Belgian authorities have declined to extradite the three remaining Catalunya regional ministers in exile in the northern European country, saying no such ‘crime’ exists in national law as the one the Spanish Supreme Court wants to try them for.
Toni Comín, Meritxell Serret (pictured on the court steps) and Lluís Puig fled to Brussels in October along with deposed president Carles Puigdemont and regional education minister Clara Ponsatí, and duly attended the police station when an international arrest warrant was issued from Spain.
This was later dropped but has been revived in the last month, leading to Puigdemont’s being arrested in Germany as he drove home from a conference in Helsinki.
Sra Ponsatí later went to Edinburgh to take up her old job of professor of economics at St Andrew’s University, and so far, Scottish authorities have no plans to extradite her.
All five are charged with ‘rebellion’ for their role in holding the disputed independence referendum – an offence that does not exist in Belgium, Germany or Scotland.
They are also charged by the Spanish Supreme Court of misuse of public funds for the cost of the referendum, and Germany is still considering whether this should apply to Puigdemont.

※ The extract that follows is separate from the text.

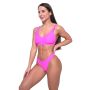 Slip de baie sport Pink - GymBeam XL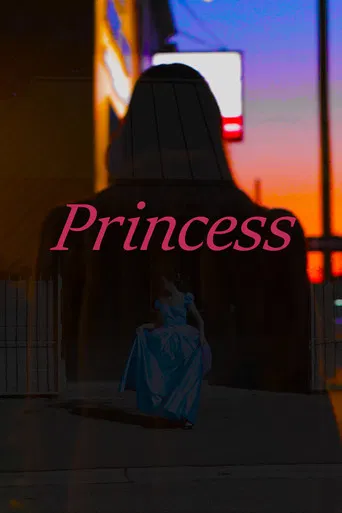 Princess poster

Belgium’s decision not to extradite the three who remain in the country is based upon a precedent set by the European Court of Justice (ECJ), during the case of Bob Dogi, a Romanian lorry driver facing extradition to Hungary.
The country he was based in when the European arrest warrant was issued called for further information as to why he should be extradited, but this information was considered insufficient, giving the country in question the right to refuse point-blank to send him to Hungary.
Also, the fact that the original arrest warrant against the Catalunya ministers was cancelled means that, according to Belgian law, the second warrant was not valid as it related to offences listed in the first rather than new charges.
The decision is open to appeal, but as the Belgian prosecution does not agree the ministers should be extradited, this is unlikely to happen.
According to the Catalunya ministers’ solicitor Jaume Alonso-Cuevillas, Supreme Court judge Pablo Llarena could issue yet another European arrest warrant, but this would be ‘unprecedented’ and ‘ridiculous’.